As she moved closer to the blackness ahead, I couldn’t help but wonder where the blood had come from and why she was so Hell-bent on walking away from me.
“What’s down there?” Asking the only question my head could make my mouth form, I lifted my arm and pointed one finger ominously down the hall in the direction she was headed, noticing the matching plastic bracelet on my own wrist as I did. She didn’t turn to look at me right away, but stopped walking for a moment. Another thick strip of blood flowed down her back and over one plump cheek.
She turned her head slowly to look over her shoulder at me. Every inch she moved pushed another ooze of blood down her back. When her eyes finally met mine, a thick fall of gloopy red stuff glugged over her shoulders like some kind of horrific cape. “
I’m
down there.” Her fingers tapped the wall lightly while her pretty head slid slowly off her shoulders.
In a slopping mess, Tatum’s head splattered to the now-linoleum floor. In an instant, the dim walls and floor flashed white and the self-illuminated space returned. In the center of the nearly glowing space, Tatum’s body collapsed. Her shoulders hit the floor, sending a thick spurt of blood from her stumped neck. My hands clamped over my mouth to cover a scream, which caught in my chest. The spray of blood splattered across my arms and stained the stark walls in a way eerily more terrifying than the aged scene we’d been in moments before.
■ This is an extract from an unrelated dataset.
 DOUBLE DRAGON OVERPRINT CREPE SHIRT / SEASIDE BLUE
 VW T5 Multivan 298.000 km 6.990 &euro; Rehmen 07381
Blood glugged from her neck and pooled under her naked body. I stood in shock; unable to do anything but breathe, even that was a challenge. Thick, red goop flowed from her body toward me. I watched with wide eyes as the liquid reached the tips of my bare toes. The red of my polish nearly matched my best friend’s blood.
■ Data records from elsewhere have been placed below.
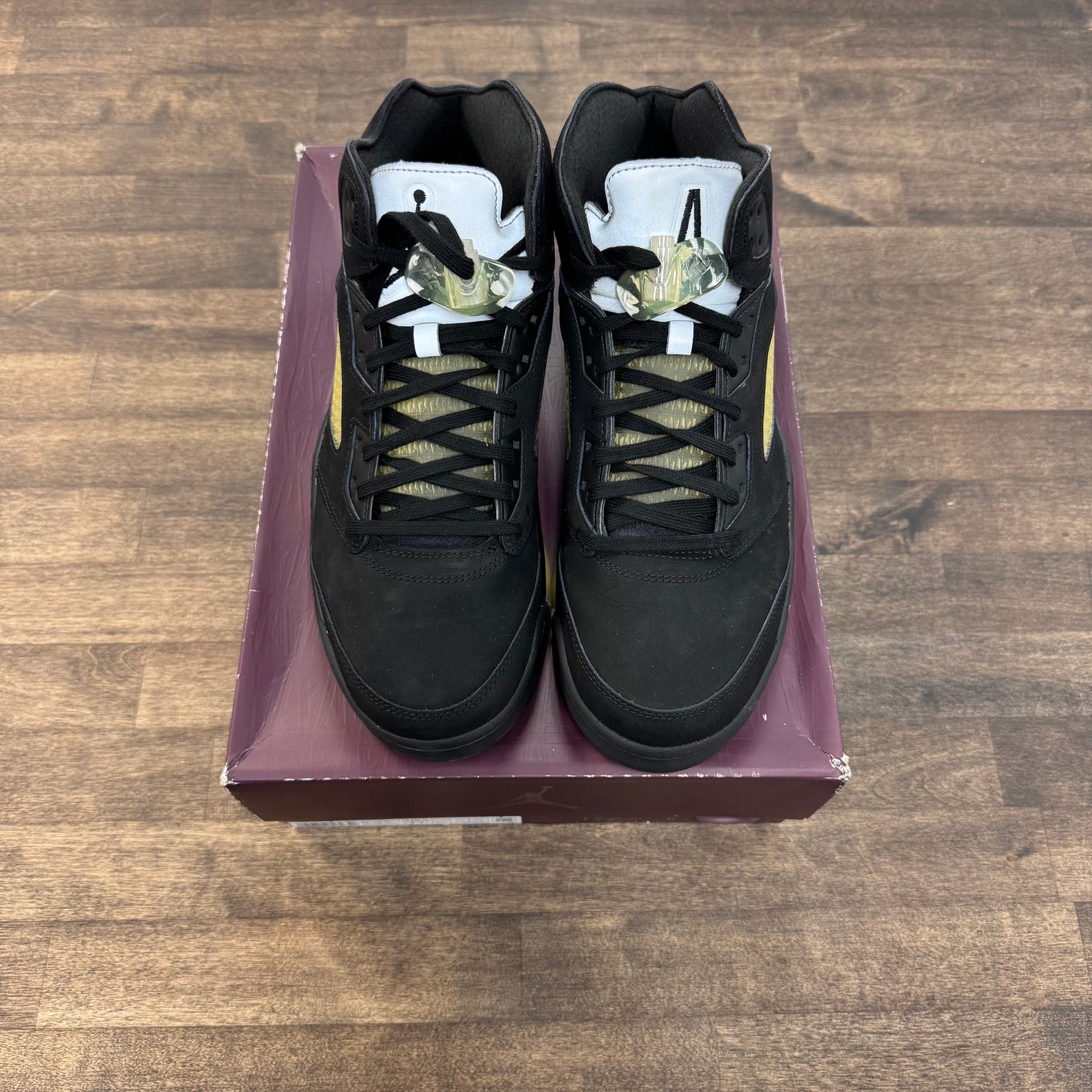 A Ma Maniere Dusk Jordan 5 (Lightly Worn)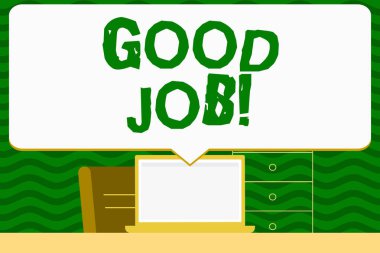 İyi iş gösterilen not yazma. İş kullanılan fotoğraf vitrine öven birisi için bir şey için de konuşma balonu işaret eden beyaz dizüstü ekran çalışma alanı fikir yaptılar.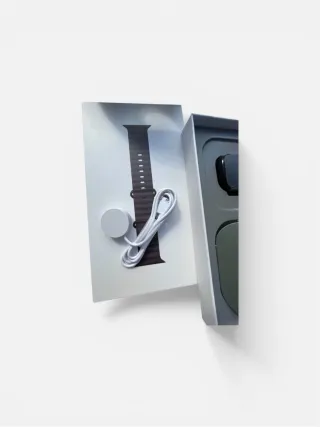 Apple Watch Ultra con cinturino nero.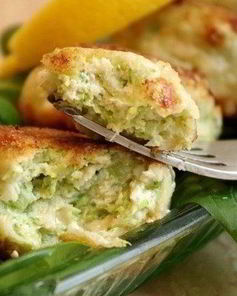 Нежные куриные котлетки с брокколи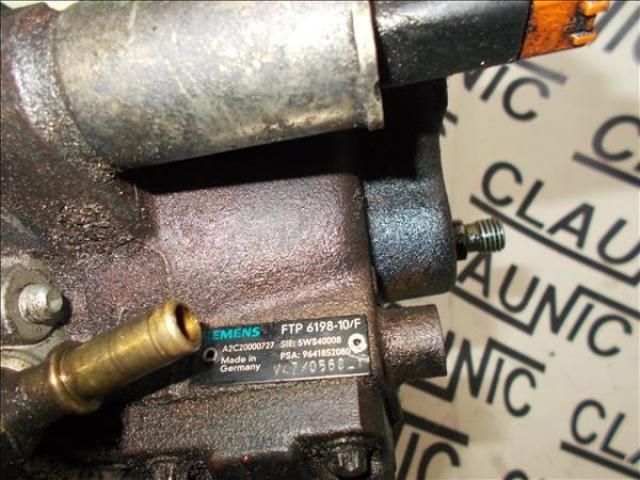 bontott FORD FIESTA V Adagoló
I shook my head back and forth. “No,” I said and dropped my hands to my sides. The ticking scurry, which had followed the shadow moving about the space, crackled behind my head. I stopped breathing. The thing that had haunted Tatum moments before she lost her head was right behind me.
Tatum’s warm blood slid under my feet. I swallowed back fear and spun around. A grinning, toothy, nearly-black figure dangled from the ceiling above; not completely human, and yet like no animal I’d ever seen. I couldn’t stop the scream that came next. It was long and loud, and brought a wider grin from the beast that hung above me.